-- WHAT TO DO --
Every line from the one with "Sofie D ́hoore" through the final line of the data below goes in the answer, copied exactly. Pictures do not.

□ □ □

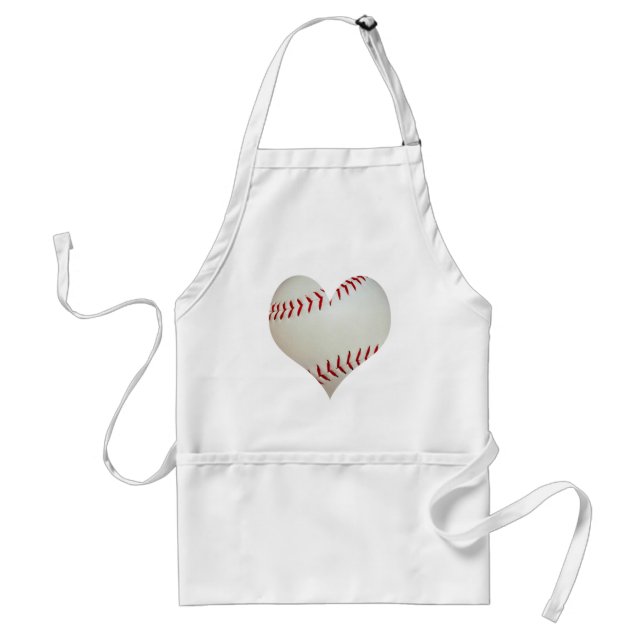 American Baseball In A Heart Shape Standard Apron (Front)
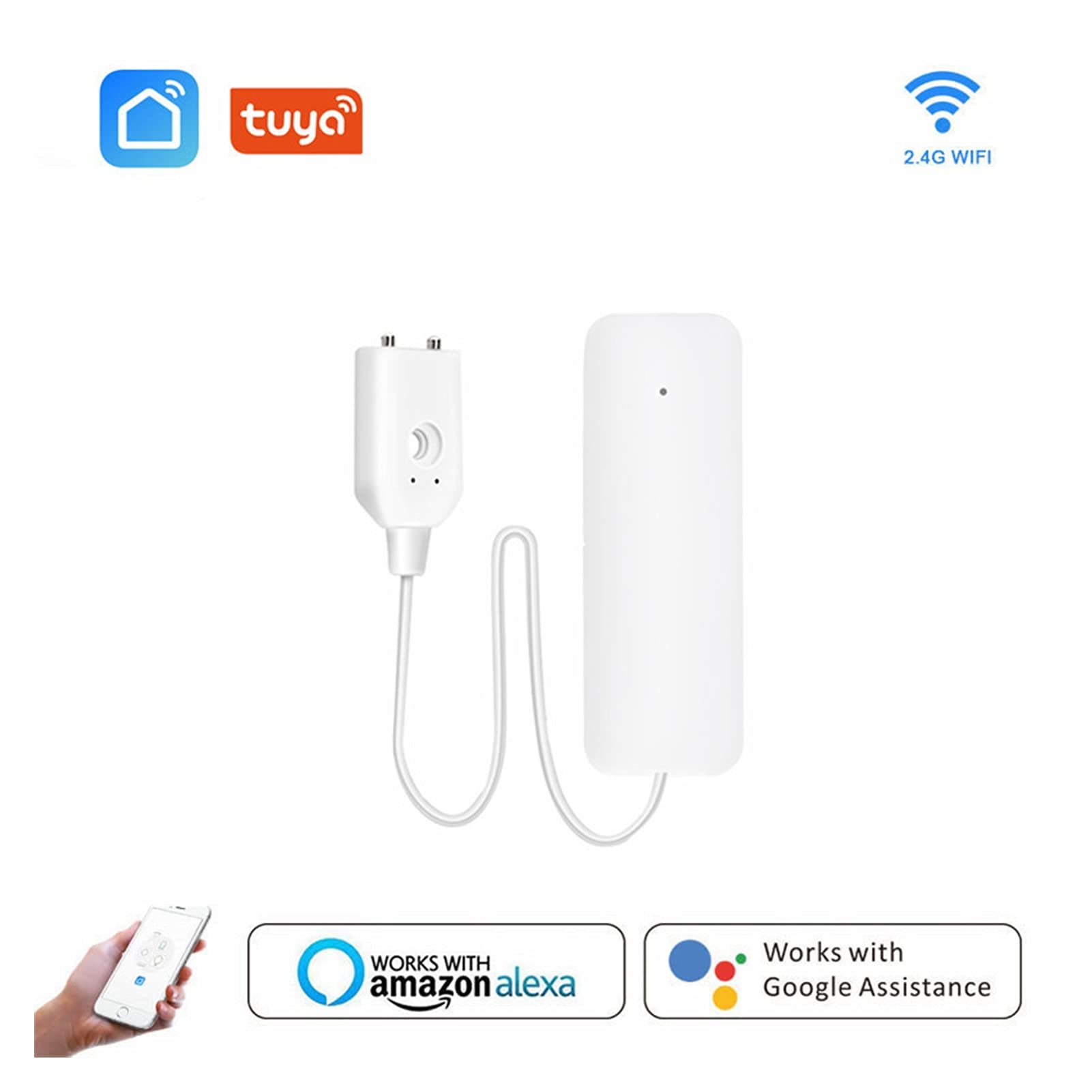Alarme de fuite d'eau indépendante WIFI DÉTECTEUR DE CAPTEUR DE FUITE D'EAU Désacteur d'inondation Système d'alarme de sécurité Système d'alarme Smart Accueil(3pcs)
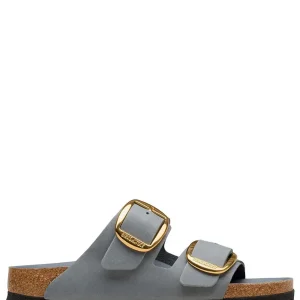 arizona big buckle Birkenstock Ciabatta Donna 1032071 Grigio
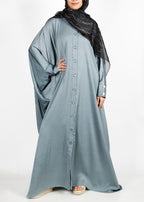 Being Muslims Grey Batwing Button Down Kaftan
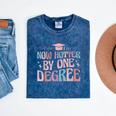 Now Hotter By One Degree Graduation Mineral Wash Tshirts Mineral Navy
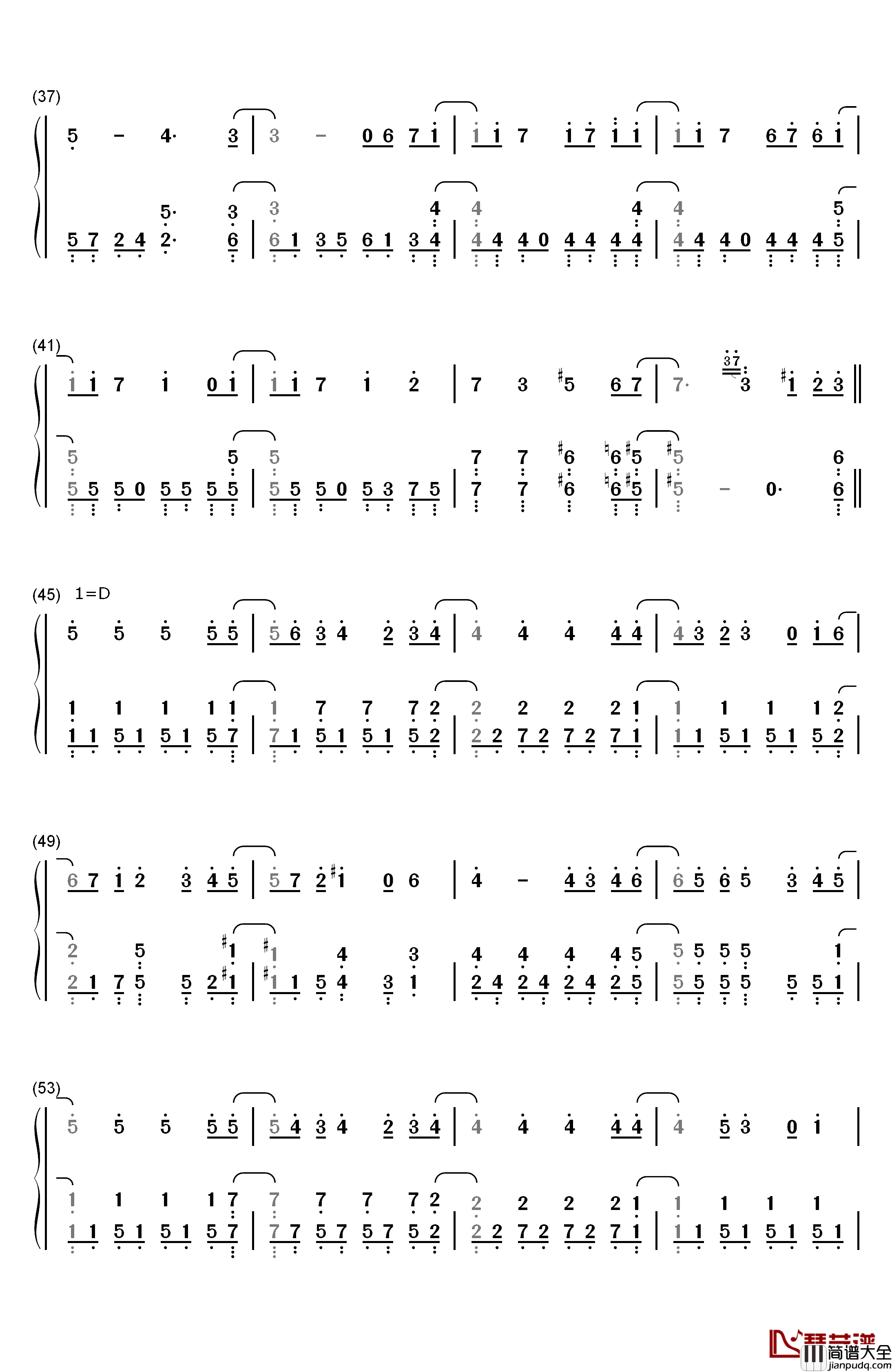 Ne_ne_ne钢琴简谱_数字双手_STARTails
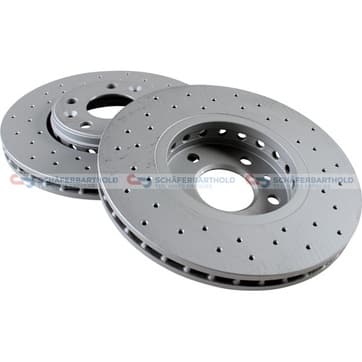 Bromsskiva, Framaxel — Framaxel från Autofrance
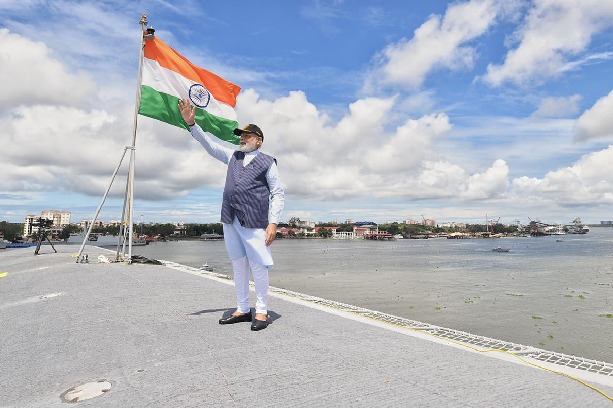 PM Modi commissioned first indigenous aircraft carrier INS Vikrant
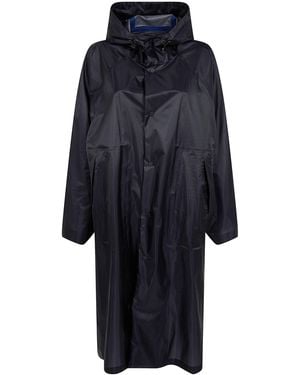 Sofie D ́hoore "Cap" Long Parka With Hood - Blue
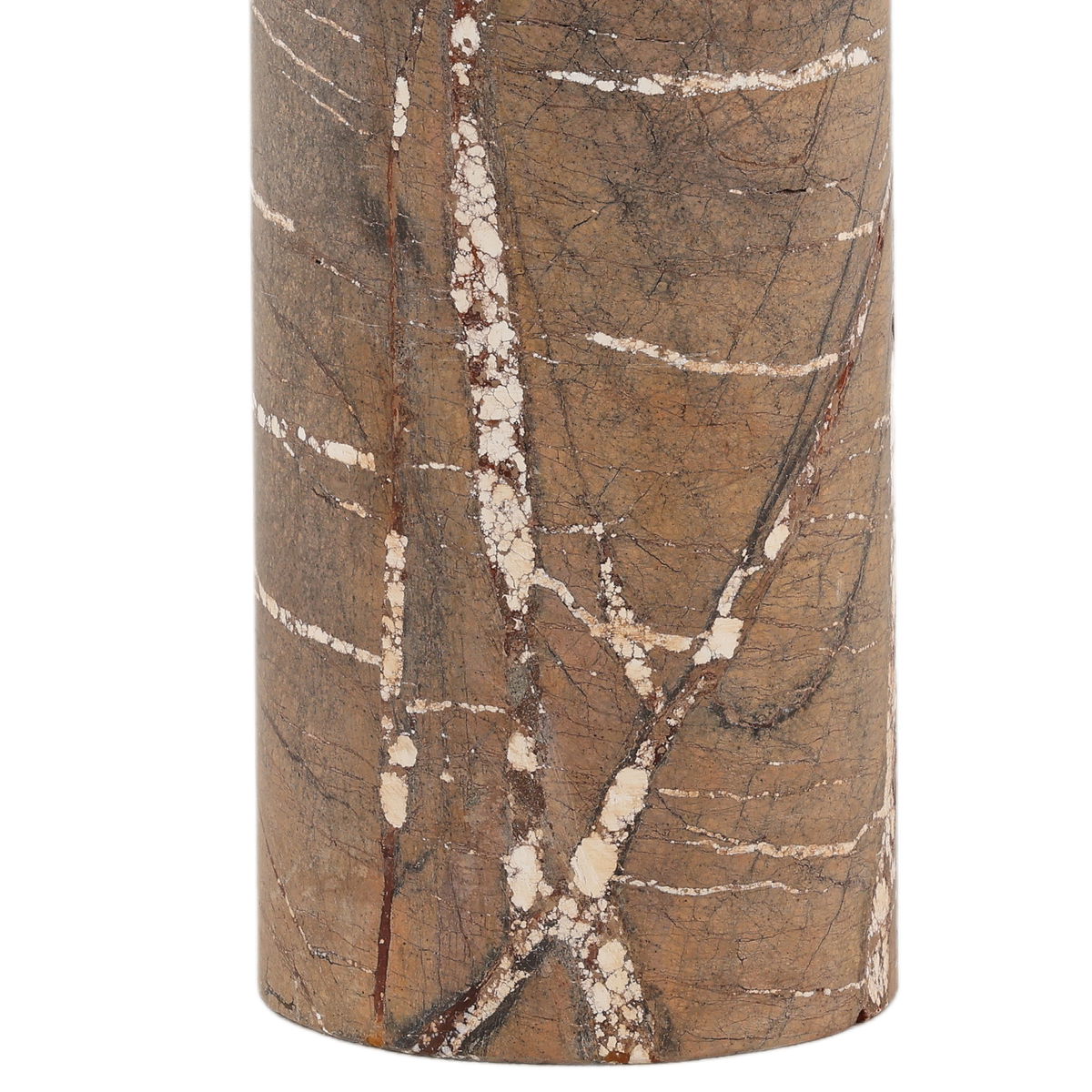 Saul End Table Brown, Side & End Table by Dovetail, 16" width x 24" height x 16" diameter x 16" depth View 2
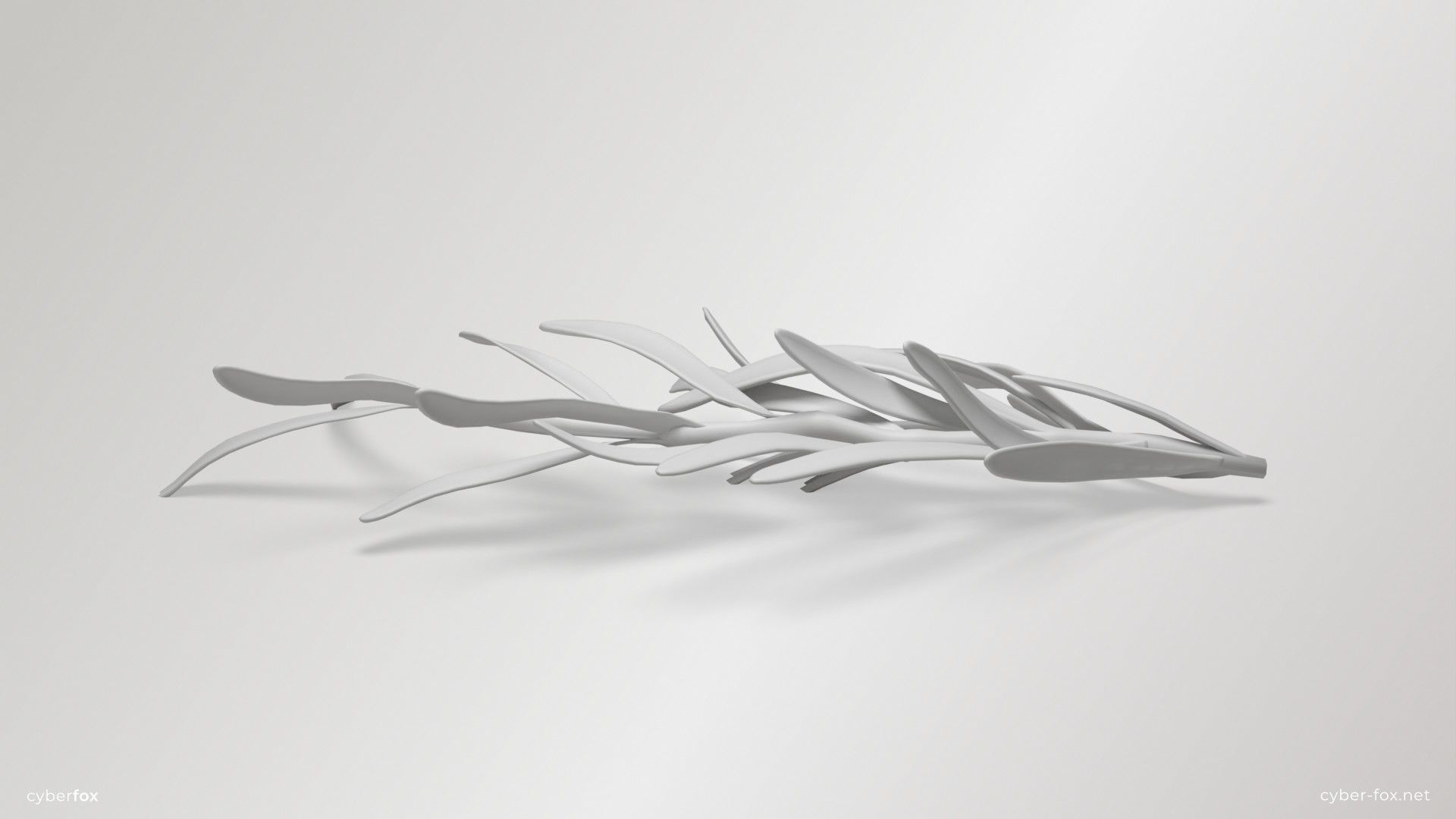 Rosemary Branch Low-poly 3D model_12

□ □ □

-- EXPECTED ANSWER --
 Sofie D ́hoore "Cap" Long Parka With Hood - Blue
 Saul End Table Brown, Side & End Table by Dovetail, 16" width x 24" height x 16" diameter x 16" depth View 2
 Rosemary Branch Low-poly 3D model_12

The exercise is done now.